Municipium Aelium Salla, ハンガリーのザラレーヴェーにあるローマ時代の集落の遺跡
ムニキピウム・アエリウム・サッラはローマ時代の集落の遺跡で、遺跡にはザラ川の北岸に沿って建物の基礎、通り、防御施設の跡が見られます。敷地は広い範囲に及び、現在も発掘調査が続けられており、元の町の配置や構造が明らかになりつつあります。
この集落は、西暦124年頃に皇帝ハドリアヌスによって創設され、自治都市の地位を与えられました。それにより、ローマ属州における重要な行政の中心地となりました。この遺跡は後の世紀に徐々に放棄されましたが、その存在期間の多くを通じて重要な役割を果たし続けたことを証拠が示しています。

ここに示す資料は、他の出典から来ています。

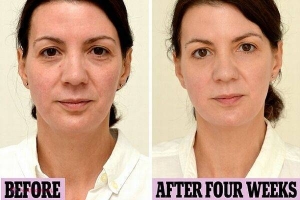 A băut trei litri de apă pe zi timp de o lună. A rămas UIMITĂ de schimbare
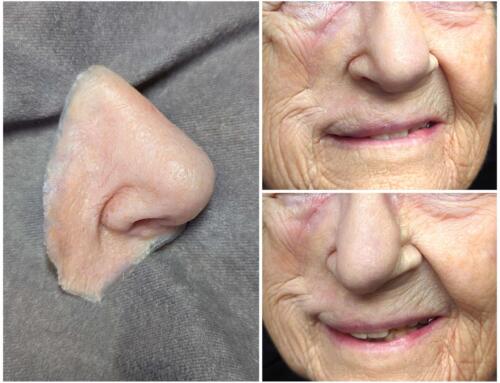 A New Nose Prosthesis and a New Life Outlook for 2024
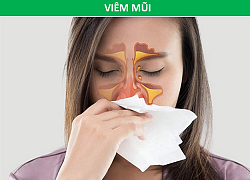 Cảnh giác với nhiều bệnh nguy hiểm khi mắt xuất hiện quầng thâm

遺跡の博物館には、ローマ時代の集落での日常生活で使われていた品々が展示されています。土器、硬貨、家庭用の道具などがあり、当時の人々が実際にどのように暮らし、働いていたかを示しています。これらの品々は、かつてローマ属州で活気のあった共同体に人間味を与えてくれます。
この遺跡は一年中訪れることができますが、ガイドツアーは主に暖かい季節に開催されます。敷地が広いので、歩きやすい靴を履いて、各部分を見学する時間を十分に取ってください。
発掘調査により、ローマ軍の駐屯の証拠が明らかになっています。後に成立した市民の市街地に先立って軍営地が存在し、この場所が最初に戦略的な前哨基地として使われていたことを示しています。この二段階の発展は、ローマが市民の集落を築く前にしばしば防御陣地を設けたことを物語っています。